There are two eyestraps mounted under the bench seats. I made them permanent after determining the best sheeting point for the spinnaker. The eyestraps hold bullet blocks--While experimenting I just tied around the bench seats. At first, I put them all the way aft to the rear crossbar.
On the mast I use a ronstan high strength swivel only because I had one and it works perfectly to give small separation between the forestay and the spin luff. The swivel holds the halyard block.
Guying is done by the crossbar itself. Just tie some guide line between the slides holding the front tramp to the front bar, the guy is routed under the bar and slides easily-the guy is held up by the guide lines (so you aren't dragging your guys in the water). At first, I used a couple bullet blocks tied to the front cross bar.
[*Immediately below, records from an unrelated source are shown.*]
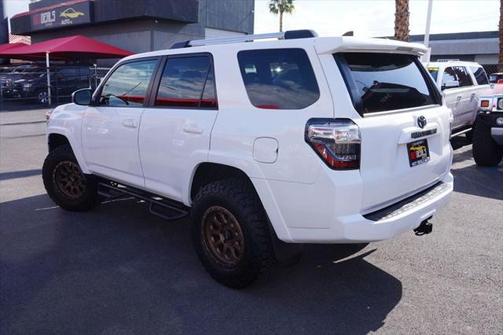 2019 Toyota 4Runner SR5 Premium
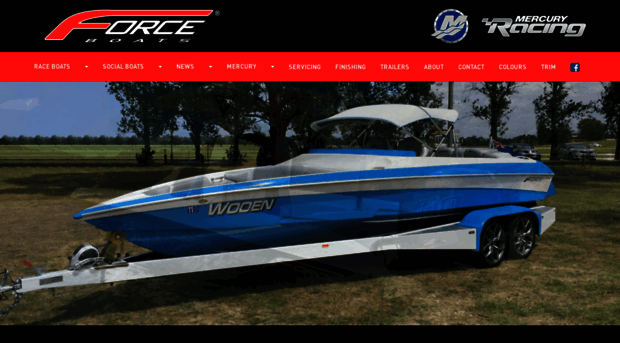 forceboats.com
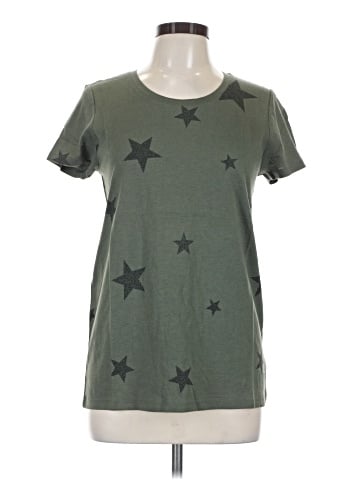Gap Short Sleeve T-Shirt (view 1)
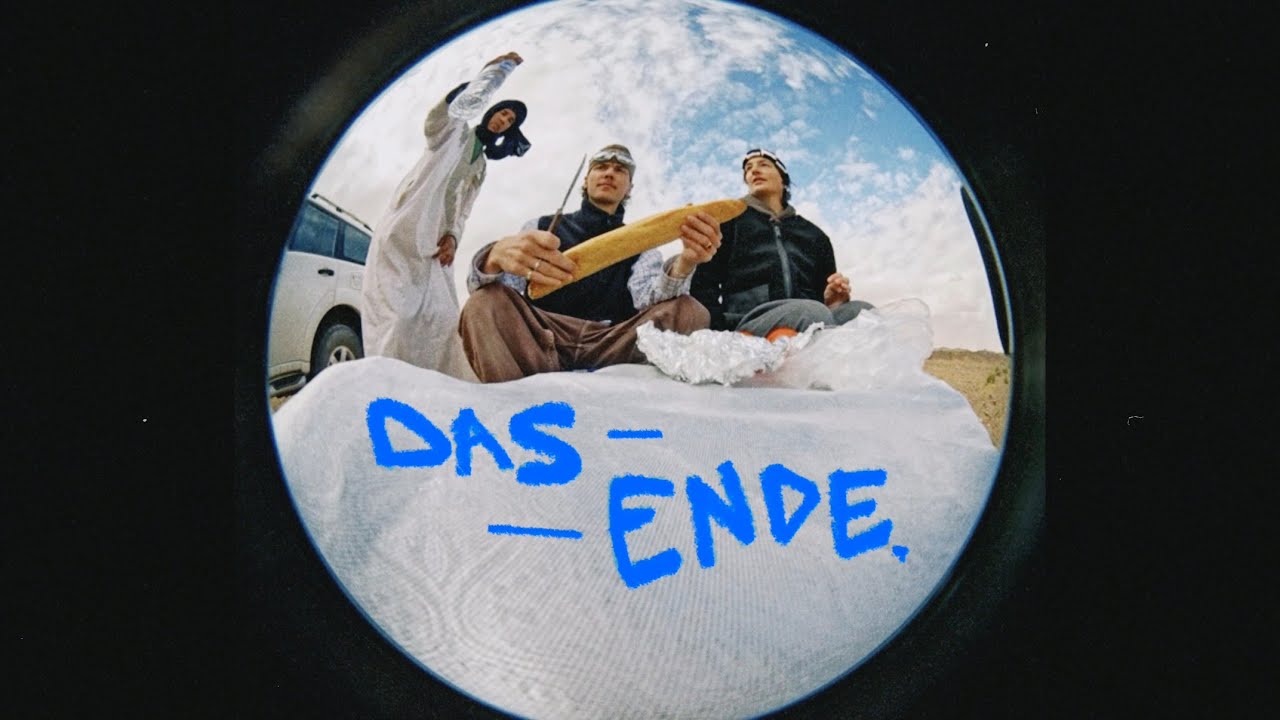 15 DAS ENDE
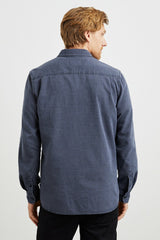 TRISTAN SHIRT - MOUNTAIN ECLIPSE| Rails for sale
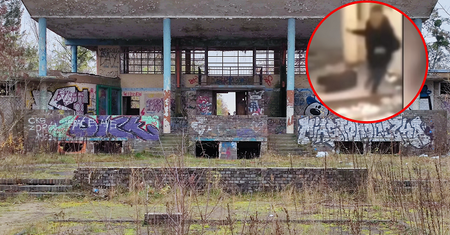 Nastolatkowie nagrali, jak się nad nim znęcają. Bezdomny zmarł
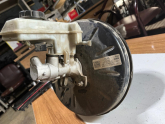 Oto Çıkma Parça / Volkswagen / Passat / Fren / Westinghouse / Çıkma Parça 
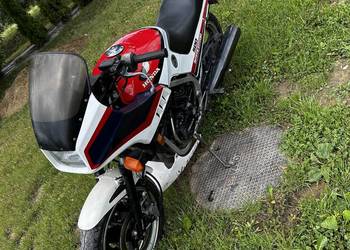 Honda VF500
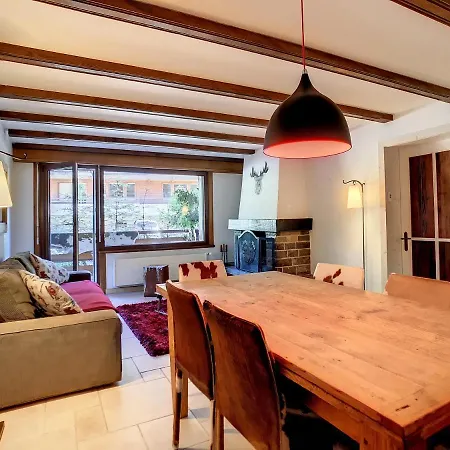 Apartment Belvedere A03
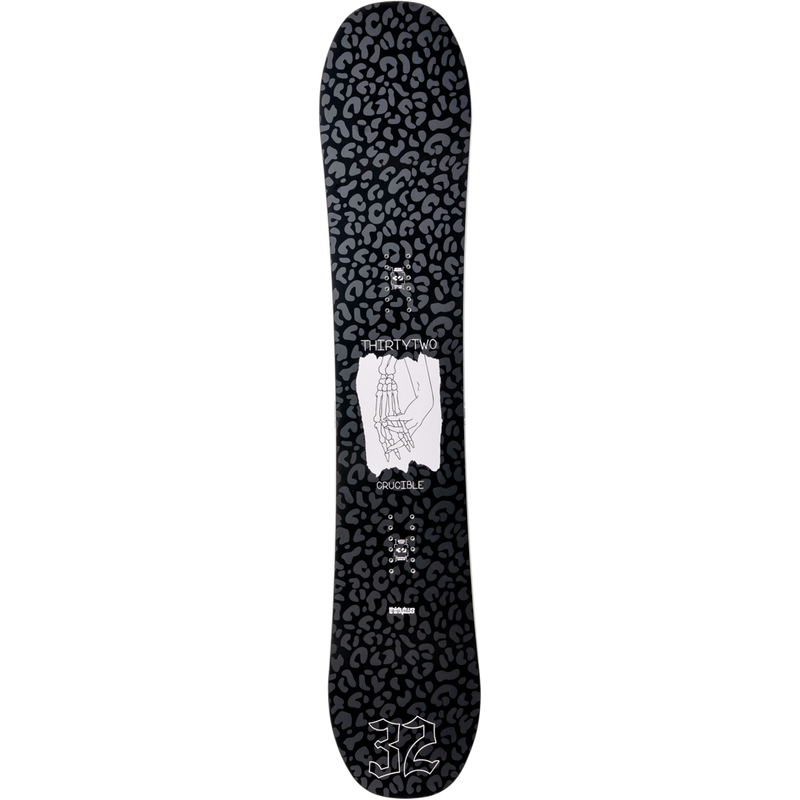 ThirtyTwo Women's Crucible top sheet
I used those until I found the correct spot for the guy.
Depending on the size of the spinnaker AND it's construction, that will determine the best sheet and guy points for you. My spinnaker is made for both running and reaching (there's a video on YouTube showing me make it).
https://www.youtube.com/watch?v=qdedS1z ... 0r&index=3 The spinnaker snuffer is made from a Rubbermaid dishpan that has had the bottom cut off. I stitched a tube of cloth to that so it extends back to the middle crossbar. I attach the dishpan to the front crossbar.
Any Hobie with a front crossbeam can do this. The faster the boat is, though, the more you will need to guy from closer to the middle -my spin works best about 18" from the middle on either side. If your boat goes 15 or more upwind, get a sprit and an asymmetric instead.